■ Data shown
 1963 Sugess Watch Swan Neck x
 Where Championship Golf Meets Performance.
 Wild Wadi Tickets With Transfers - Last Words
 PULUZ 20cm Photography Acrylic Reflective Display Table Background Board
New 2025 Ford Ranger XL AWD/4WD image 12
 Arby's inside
---
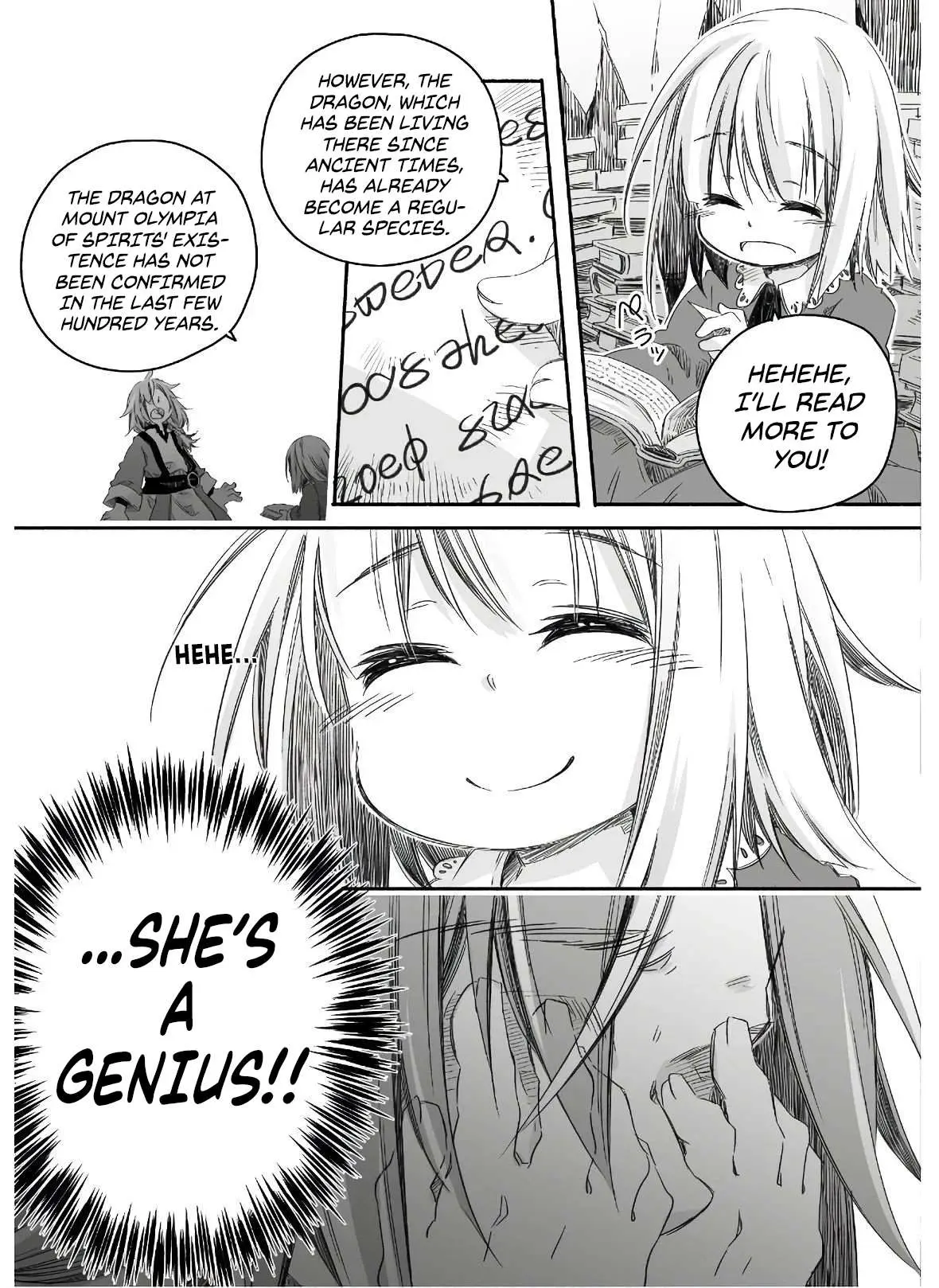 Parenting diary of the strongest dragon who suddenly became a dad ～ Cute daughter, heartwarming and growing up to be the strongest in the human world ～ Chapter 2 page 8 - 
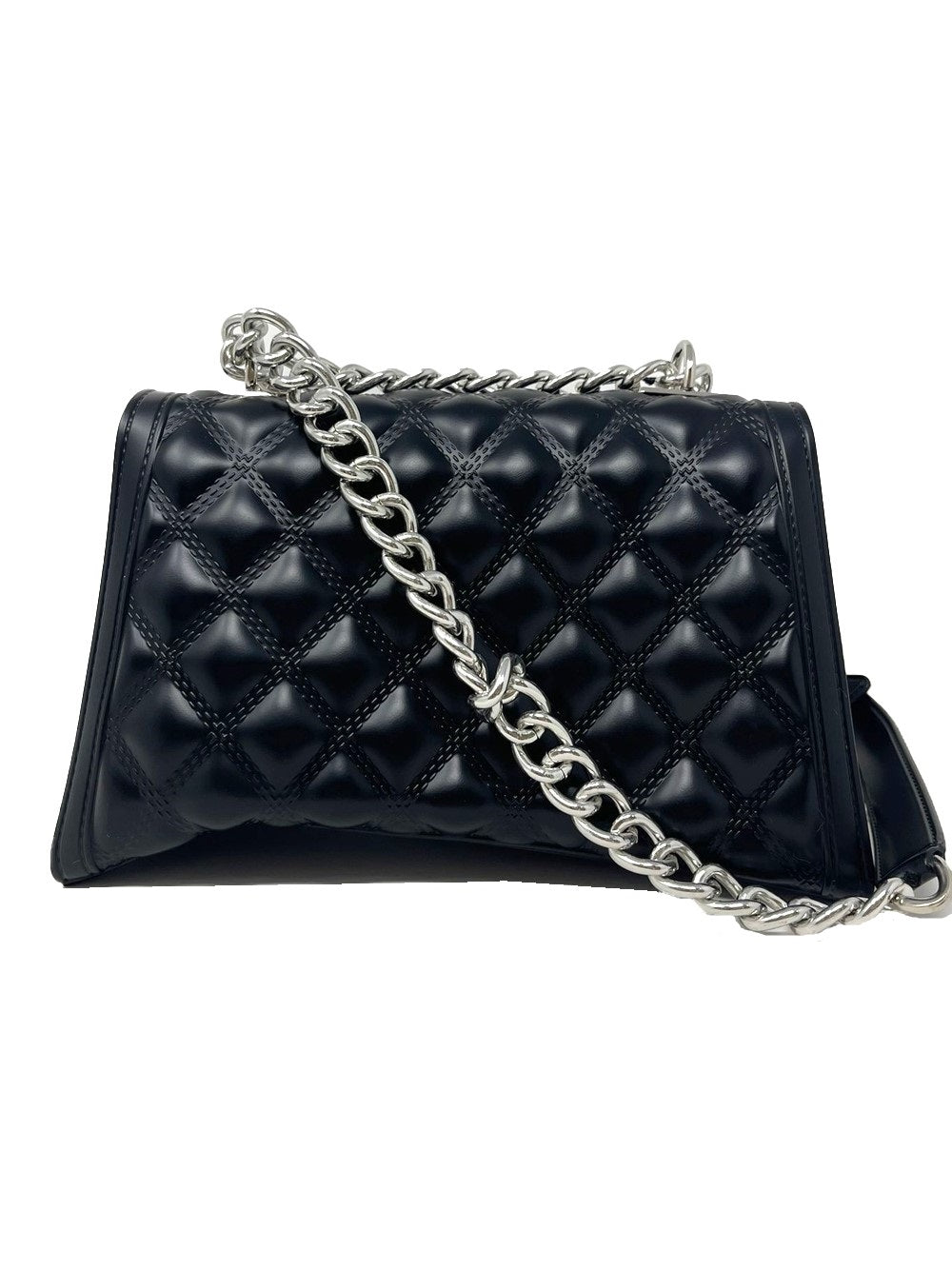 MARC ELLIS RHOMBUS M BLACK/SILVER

■ Requirement
Reproduce exactly, and only, the part of the listing above that begins at the line with "1963 Sugess Watch Swan Neck x" and goes on through the line with "Arby's inside".

■ Result of this exercise
 1963 Sugess Watch Swan Neck x
 Where Championship Golf Meets Performance.
 Wild Wadi Tickets With Transfers - Last Words
 PULUZ 20cm Photography Acrylic Reflective Display Table Background Board
New 2025 Ford Ranger XL AWD/4WD image 12
 Arby's inside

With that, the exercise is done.